You can also get support from many of the people and organisations linked to in the blogroll.

If you are a journalist
I won’t be able to help with media requests until the autumn. Please email me (info@drpetra.co.uk) from October onwards and if I can help you I will. In the meantime if you are working on sex/relationships/health features or programmes you may want to contact the following organisations:

British Sociological Association

British Psychological Society
Royal College of Psychiatrists
Onscenity Network
Kinsey Institute

If you’re organising a talk or event
If you are planning something you’d like me to speak at please note I’m taking bookings for science/public communication from Summer 2012 onwards. If you have events coming up after that date please do email me. [As ever my speaker activity is based on my timetable and your event being low cost or free for audiences. I don’t charge a speaker fee but you will need to cover my travel, accommodation and reasonable expenses; and I don’t appear at events to promote pharmaceutical/commercial companies]

If you need an academic paper

Or help with your research, want me to review something, need feedback on a grant proposal, or any academic related activity please note I’m having a year’s maternity leave from University College London and will not be undertaking any academic activity in that time. If I am already in touch with you about ongoing projects I will make individual plans about appropriate contact during my leave.
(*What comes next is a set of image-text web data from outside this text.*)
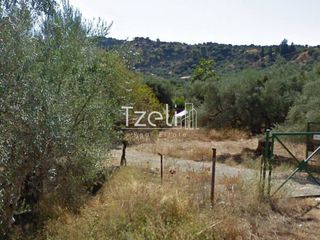 Οικόπεδο 4.100 τ.μ. για πώληση, Αχαΐα, Μεσσατίδα-thumb-5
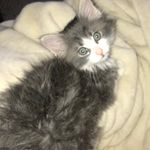 Mr. Elmer - @mr.elmer_poppi_pierce - Instagram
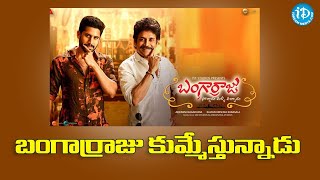 బంగార్రాజు కుమ్మేస్తున్నాడు Bangarraju Box Office Collection #Bangarraju ||iDream Telugu News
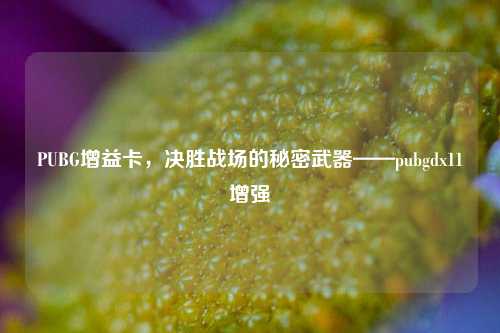 PUBG增益卡,决胜战场的秘密武器——pubgdx11增强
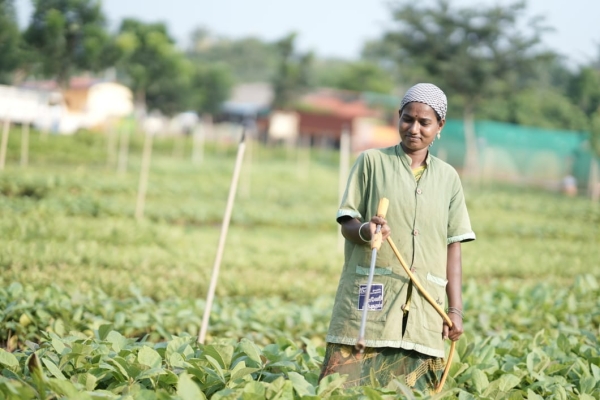 Sadhguru jaggi Vasudev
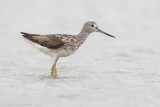 Groenpootruiter - Common Greenshank - Tringa nebularia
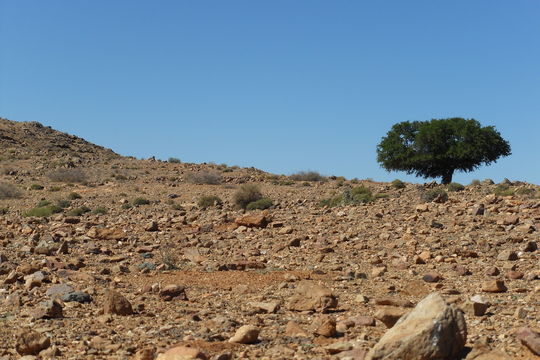 509.19324684.580x360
While I’m away, don’t forget…

5th July 2011
– Channel 4 is hosting a meeting between programme makers, production companies and sex/education/health professionals. This follows complaints from a collective of UK practitioners concerned over the Joy of Teen Sex series (more info here). Unfortunately there are additional problems with the recent series The Sex Researchers that presented a misleading view of both sex research and sex information. Practitioners and researchers concerned about this problematic series will also be complaining to Channel 4 and those it commissions on the basis that programmes are not concerned with accuracy or ethical practice. You may also want to write to the Channel if you feel their sex broadcasting is poor.

9th July 2011
– There will be a Pro Choice Demo in London on 9 July 2011. More information here or follow on Twitter @ProChoice9July or #prochoicedemo2011. Additional information on this demo here and here plus information on reproductive rights in the UK here.
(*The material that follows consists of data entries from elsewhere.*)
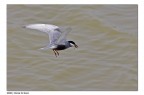 Mignattino Piombato a pesca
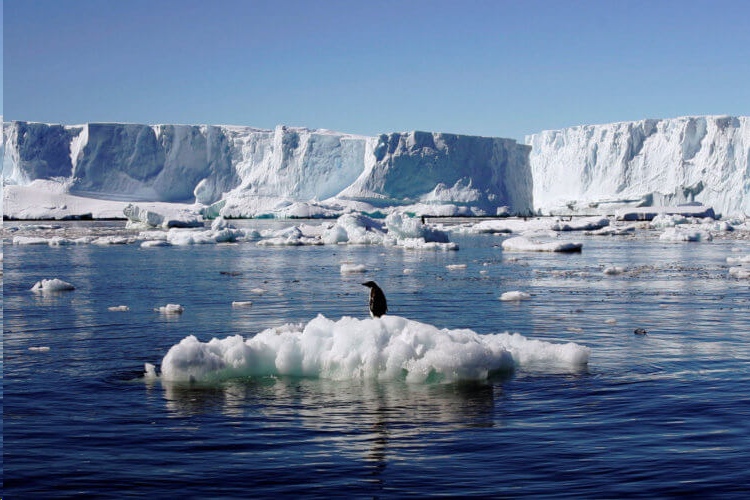 Ученые заявляют, что к 2030 году человечество ждет малый ледниковый период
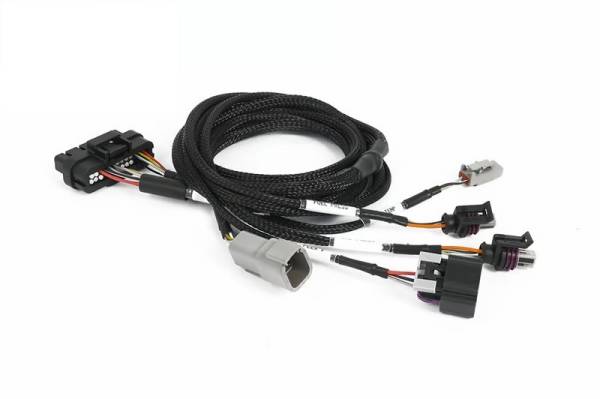 Haltech - Haltech NEXUS Universal Plug-in IO Expansion Harness - 2.5m (8ft) - HT-189002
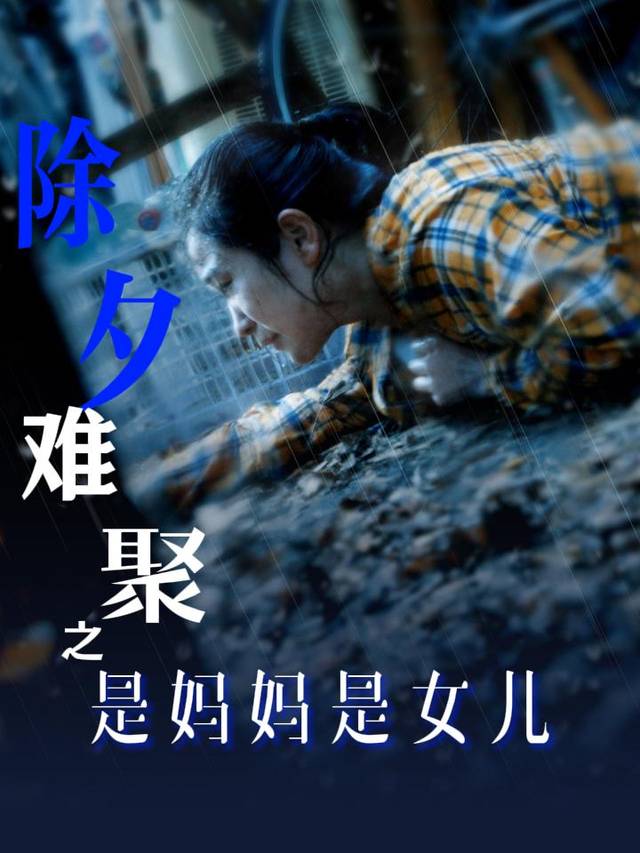 除夕难聚之是妈妈是女儿封面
The government’s plans to tackle Sexualisation (along with other media outlets running their own campaigns). These still require follow up, interrogation and public discussion. The government will be reporting further on action taken regarding this review in the Autumn. I’ve linked to a number of forthcoming events conferences that will be tackling this issue at the end of the linked blog post. Academics and practitioners (including myself) have now formally declared how we feel this review is flawed and many of us will continue to push for better political decisions based on critical thinking about research, not ‘policy based evidence making’.

Other media outlets are planning programmes on sex/relationships in their Summer/Autumn seasons, so use this media appraisal guide to assess their quality.
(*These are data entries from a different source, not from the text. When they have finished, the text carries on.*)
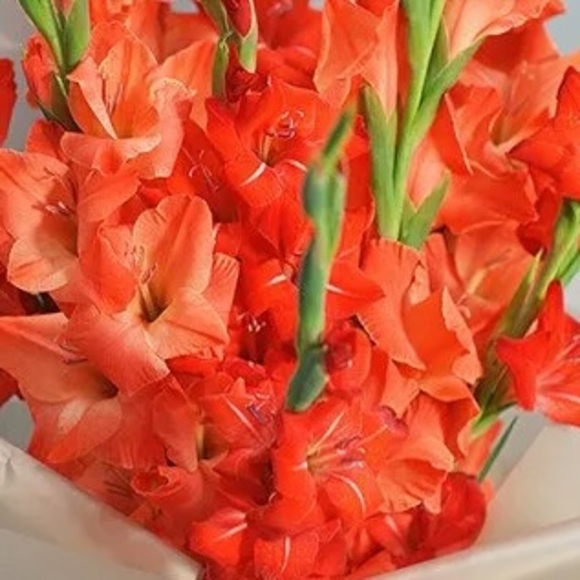 Гладиолус лососевый поштучно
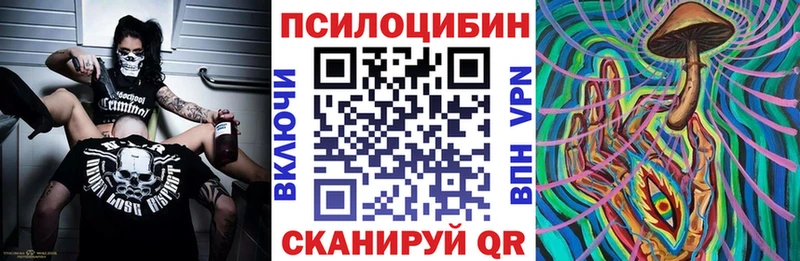 закладки  Армянск  Псилоцибиновые грибы Magic Shrooms 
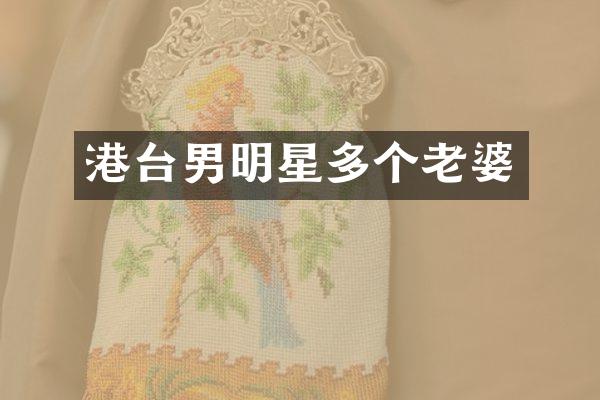 港台男明星多个老婆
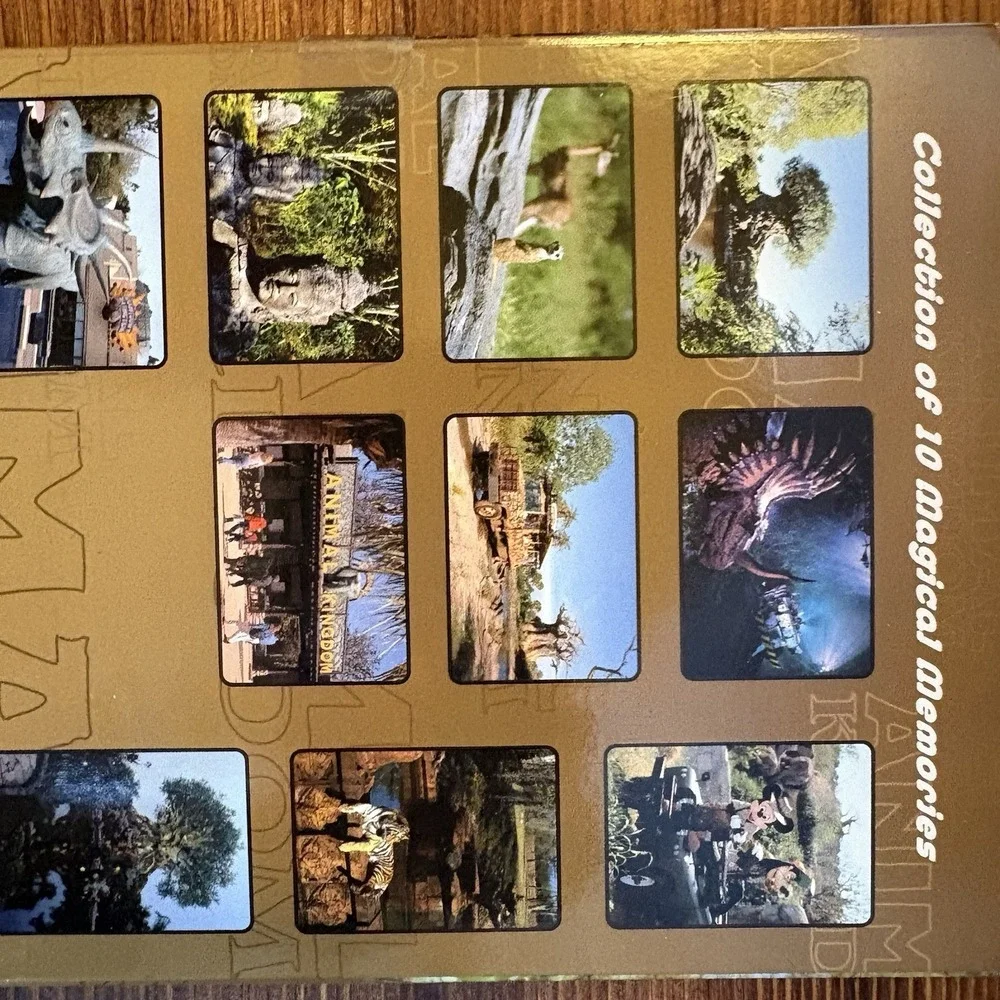 Disney Animal Kingdom Postcard Set 10 Magical Memories Walt Disney World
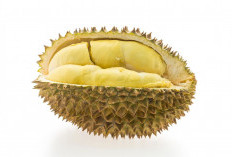 Raja Buah yang Lezat dan Berkhasiat! Inilah 5 Manfaat Buah Durian yang Harus Kamu Tahu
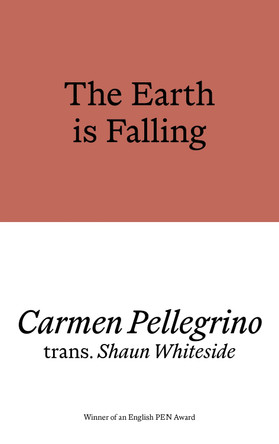 The Earth is Falling by Carmen Pellegrino 9781913513474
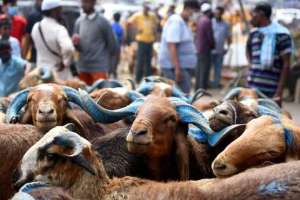 Hyderabad Police Warn Goat and Sheep Sellers of Digital Payment Frauds During Eid al-Adha
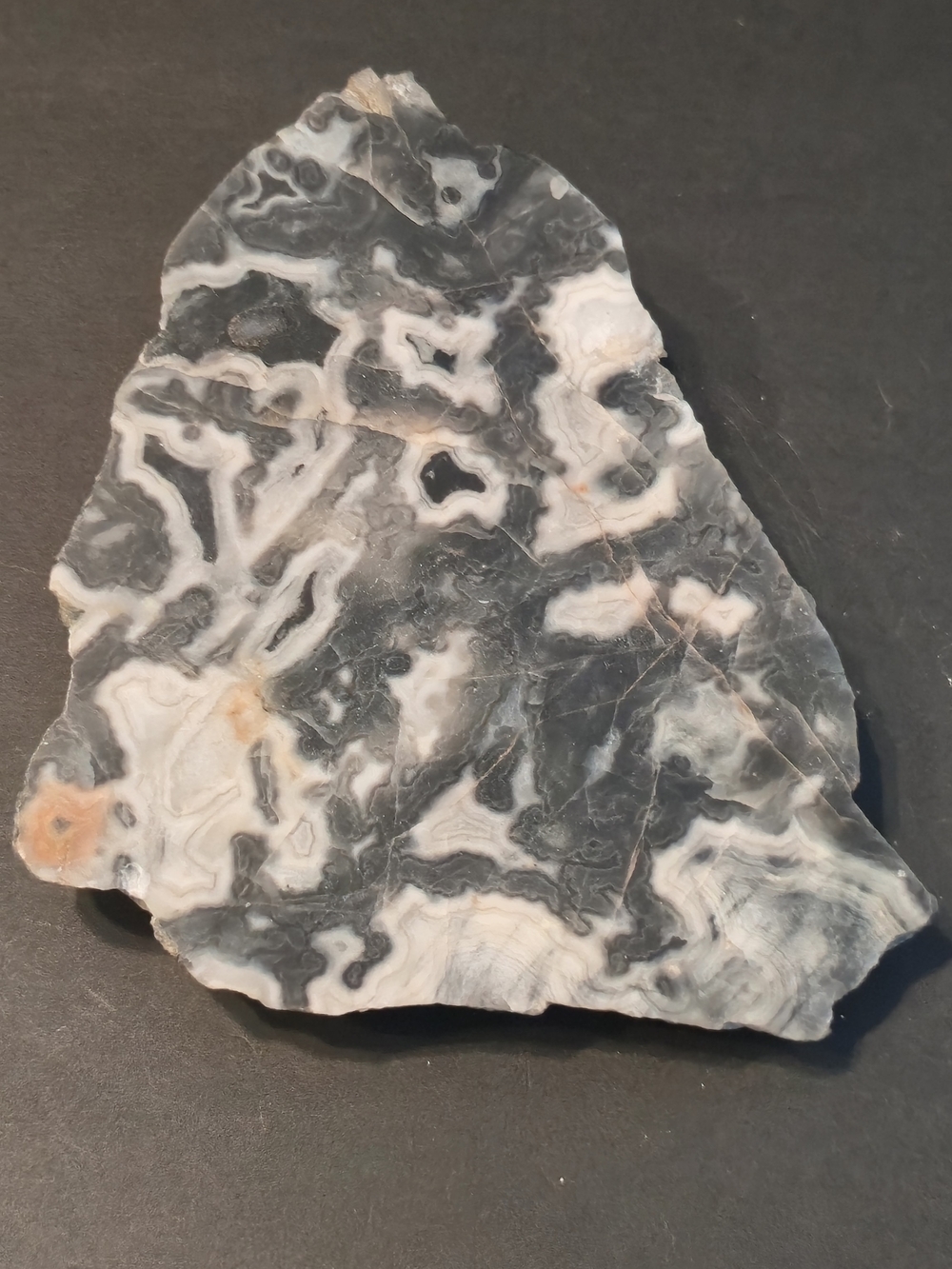 🤍 Large Tuxedo Lace Agate Slab • 17.6 oz • Black & White Agate 🪨✨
Ongoing debates around sexual and reproductive health, teen parent blaming, regulation of pornography, sex work, and termination of pregnancy are all likely to be in the public domain over the coming months. They’ll need following, questioning and discussing. Where possible I’ll highlight information on these along with related conferences, campaigns or core issues on Twitter.

When I come back…
I’ll be using this blog to focus on some specific areas. Mainly sex/relationships and conception, pregnancy and parenthood. I planned to do this from the start of this year but ended up being sidelined by more interesting, challenging and topical issues. I’ll be aiming to be a lot more focused and disciplined on my return!

Looking forward to catching up with you again soon, and in the meantime enjoy the summer months. Thanks for your continued interest in and feedback on this blog, it is much appreciated.

I’ll post an update here when there is some baby news to report.